I’m going to disagree really strongly with you when you say, the broader the memeier.
A broad meme like handwashing is definitely a strong meme in the conventional sense; in the way Richard Dawkins, Susan Blackmore, and company analyze memes.
You could definitely write up a thesis on the cultural impact of “wash your hands” signs hung in places of work and how they have helped to improve public sanitation.
The problem is that it has little relevence to the subject of Internet culture.
I think we both agree that the broader the meme, the less relevence it has to Internet Culture. As you said, to treat these broad concepts as though they are Internet Memes is like saying they don’t exist outside of the Internet.
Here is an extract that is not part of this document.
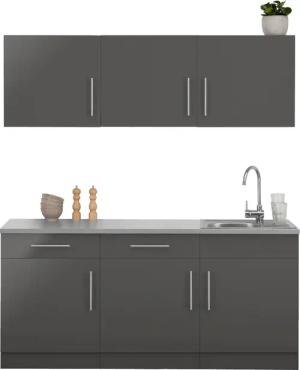wiho Küchen Küche "Cali", ohne E-Geräte, Breite 180 cm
But, not every Internet Meme has to have original content as a source material in order for it to become an Internet Meme. The source material can definitely be from a mainstream event and still be an Internet Meme as long as the people have invented a new joke or new idea ABOUT that mainstream cultural unit that is recognized, shared, and propigated in online communities, in a context outside of general fandom.
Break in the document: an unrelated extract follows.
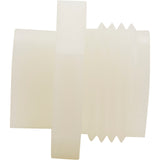 Adapter, A&M, 3/4" Male ght x 1/4" fpt, Nylon : GFA124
We’re still not much closer to having a clear, concise definition of an Internet Meme though. We definitely need one. There are journalists who love to declare “OMG! THE NEXT BIG MEME!” as soon as they possibly can, after only a few photoshops have been made, before any genuine search interest has even occurred. I view this as being as low as inventing a news story for the ratings. A meme ought to be defined by genuine public interest, which is something that can only be measured after the fact.